Namun semangat menghadirkan kembali Istano Basa Pagaruyung yang musnah perlu dilakukan, apalagi mengingat istana adalah pusat peradaban, hukum, seni dan jati diri. Ini juga sekaligus mencagah jangan sampai generasi setelahnya mendengar cerita dan tak melihat sedikitpun buktinya. Filosofi Mambangkit Batang Tarandam, tentu harus diabadikan guna mengangkat kembali keagungan masa lalu.
Situs resmi Kementrian Pendidikan dan Kebudayaan Indonesia (Kemdikbud RI) mencatat poin-poin penting tentang Istano Basa Pagaruyung sejak dulunya.

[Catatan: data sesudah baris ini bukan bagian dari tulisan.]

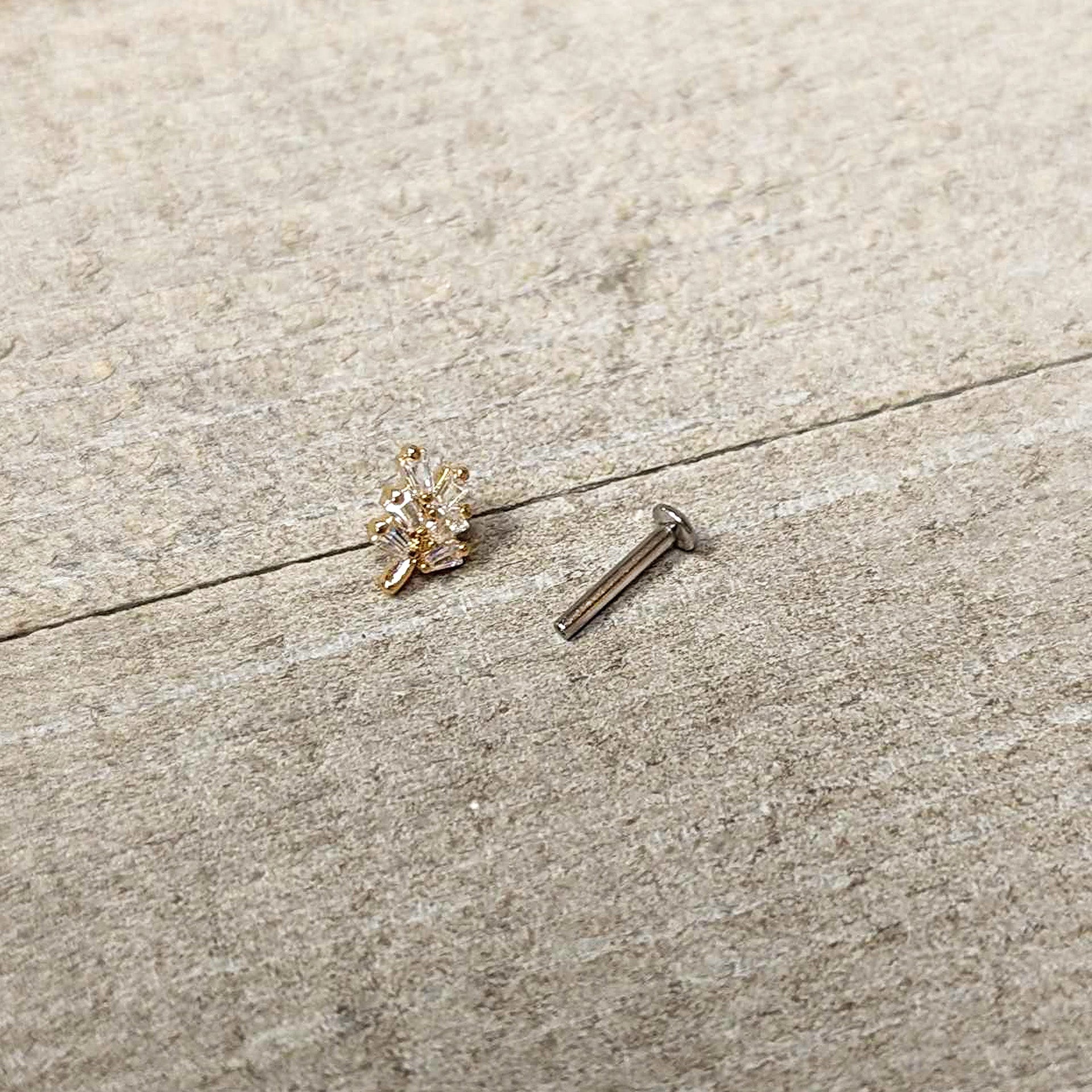 16G 5/16 Clear CZ Gem Leafy Golden Branch Threadless Labret Tragus
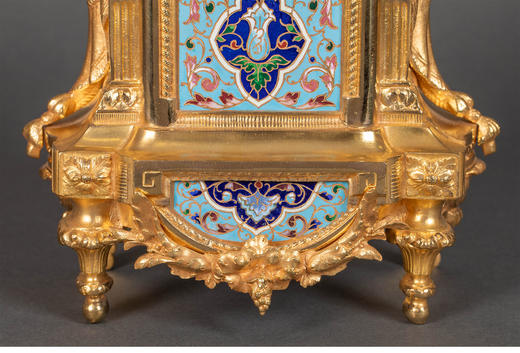 独角鹿西洋古董19世纪末德国出品新古典主义风格铜鎏金精雕镶嵌錾胎珐琅座钟烛台三件套 商品图5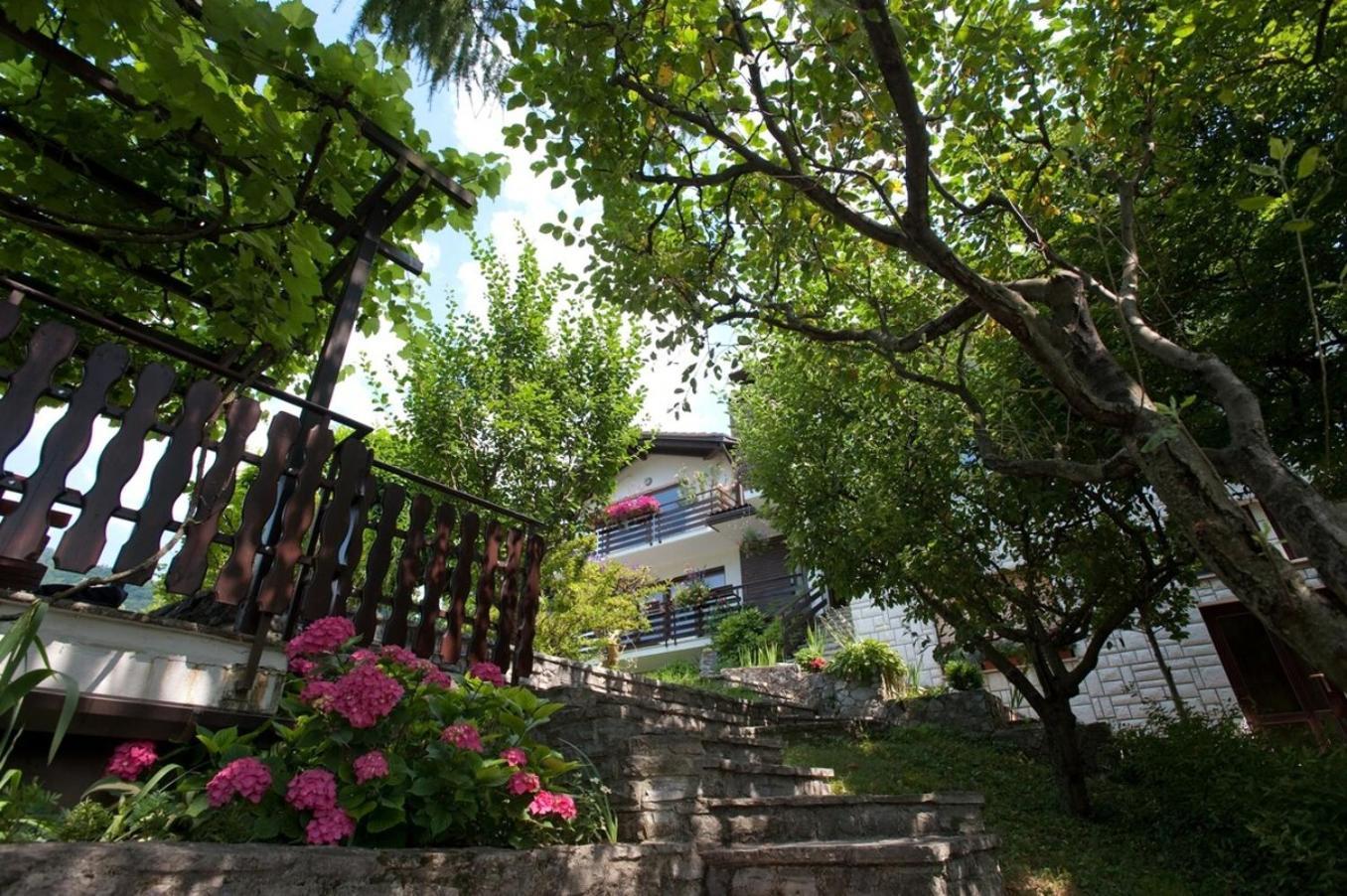 Most na SočiHisa Taljat公寓 外观 照片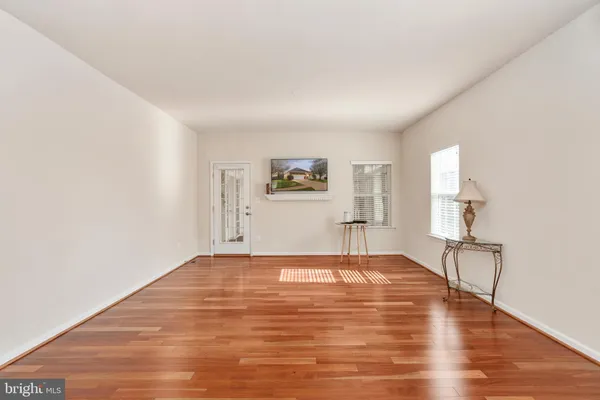 $539,900 | 6227 East Dranesville Drive, Fredericksburg, VA 22407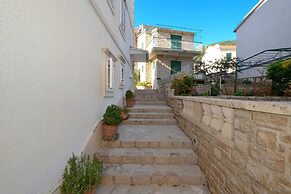 Stunning Apartment in Bol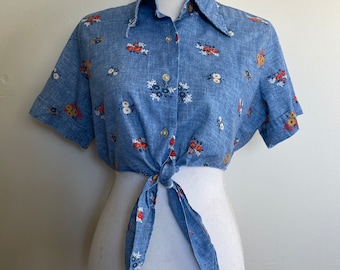 1970s Cropped Tie Front Blouse Wildflower Floral Print Blue Chambray Look Cotton Blouse Short Sleeves Cowgirl Summer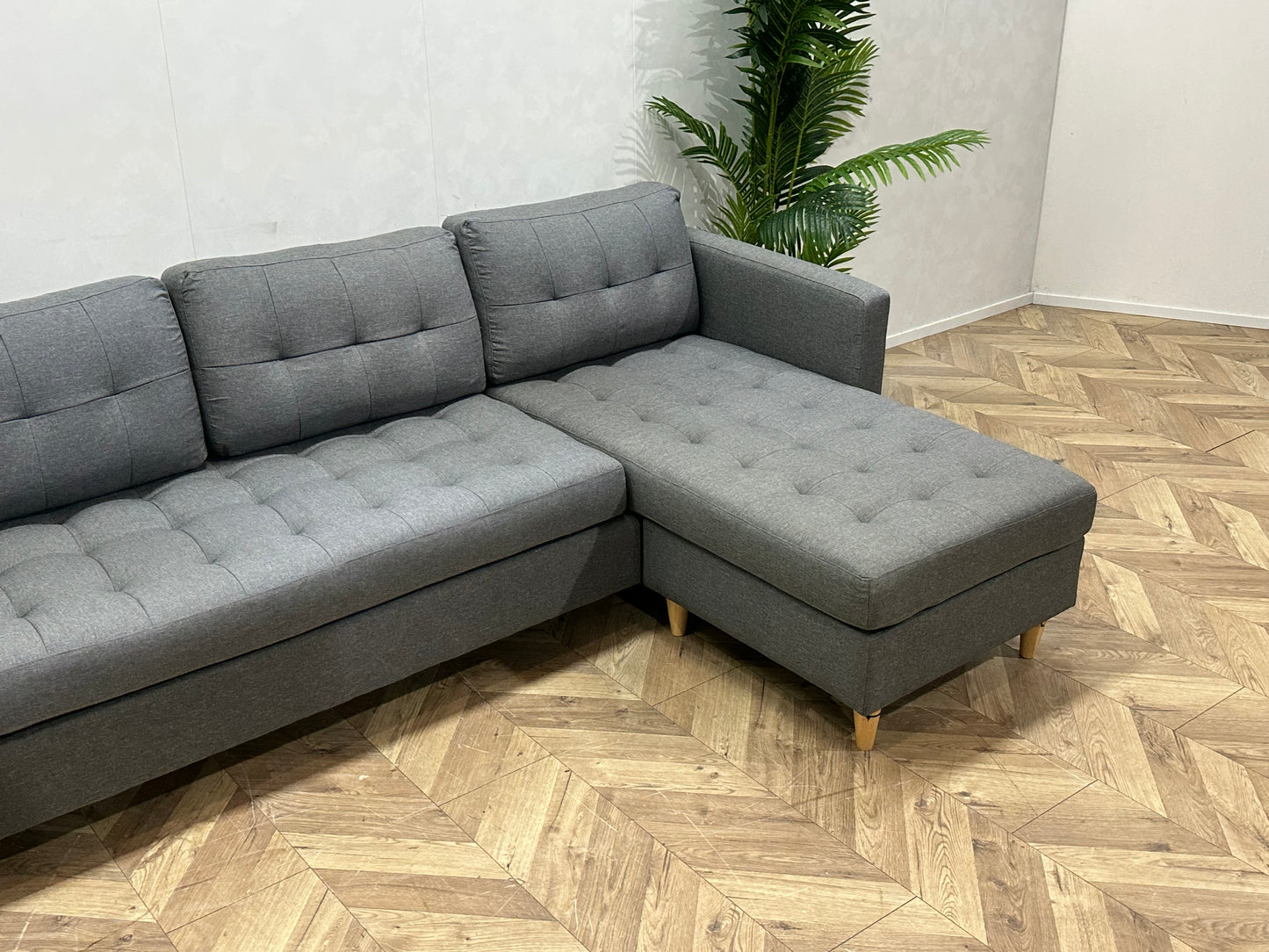 Grijze Hoekbank ~ Losse Kussens Met Afneembare Hoezen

Untuk informasi, Istano Basa Pagaruyung dahulu merupakan kediaman dari Raja Alam, sekaligus pusat pemerintah dari sistem konfederasi yang dipimpin oleh triumvirat (tiga pemimpin) berjuluk 'Rajo Tigo Selo'. Sistem kepemimpinan kerajaan dengan dibantu dua wakilnya, yaitu Raja Adat yang berkedudukan di Buo serta Raja Ibadat yang berkedudukan di Sumpur Kudus.
Kedua wakil ini memutuskan berbagai perkara yang berkaitan dengan permasalahan adat serta agama. Tetapi, jika suatu permasalahan tidak terselesaikan maka barulah Raja Pagaruyung (Raja Alam) turun tangan menyelesaikannya.

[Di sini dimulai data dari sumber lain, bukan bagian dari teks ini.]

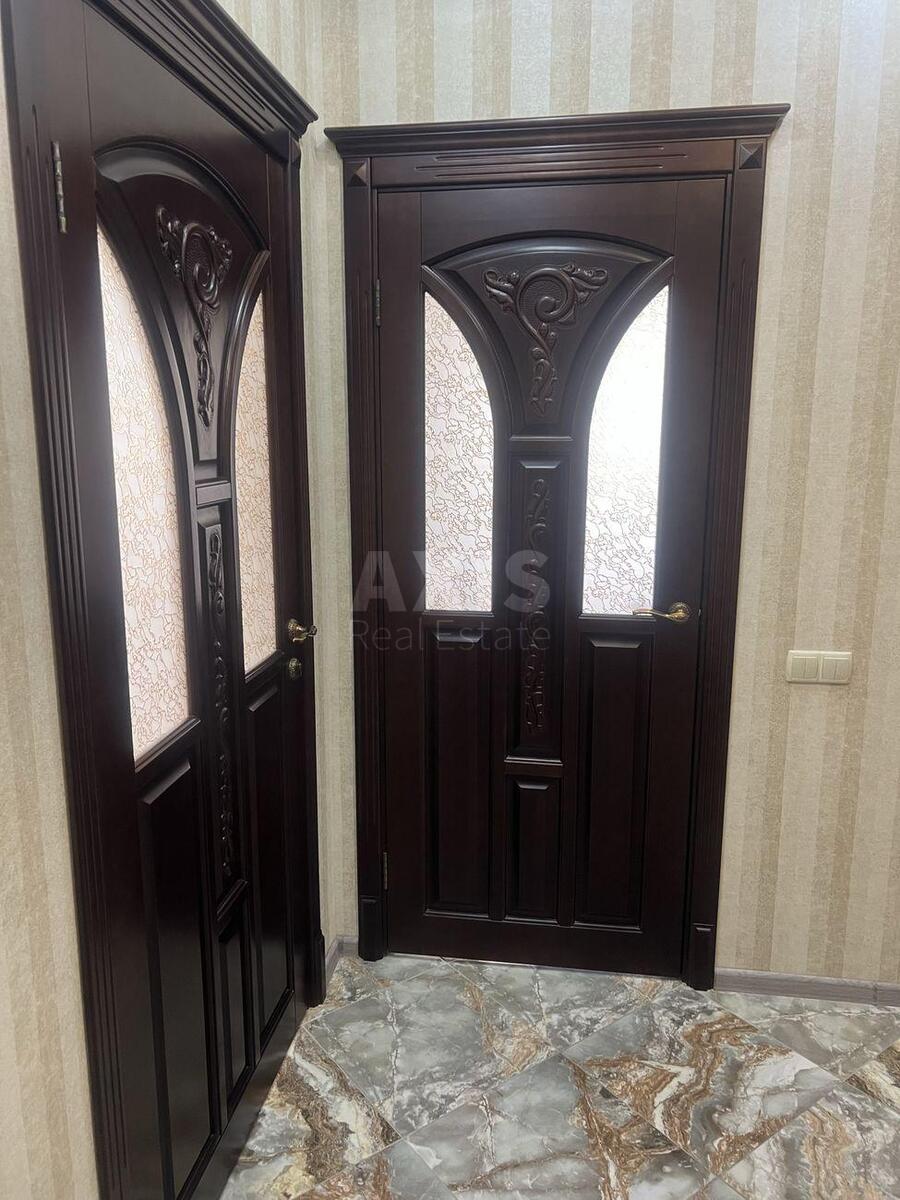 2k apartment vul. Revuc'kogo 9603409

Bangunan asli dari istana ini awalnya berlokasi di Bukit Batu Patah. Setelah insiden tahun 1804 dimana istana ini dibakar Belanda dalam Perang Panderi, istana ini didirikan kembali, tetapi terbakar habis pada tahun 1966. Pada 27 Desember 1976 upaya rekonstruksi ulang kembali dilakukan dengan ditandai peletakan tunggak tuo (tiang utama) olehh Gubernur Sumatera Barat saat itu Harun Zain. Istana ini dibangun kembali dilokasinya yang baru di sisi selatan bangunan asli, yaitu lokasi saat ini."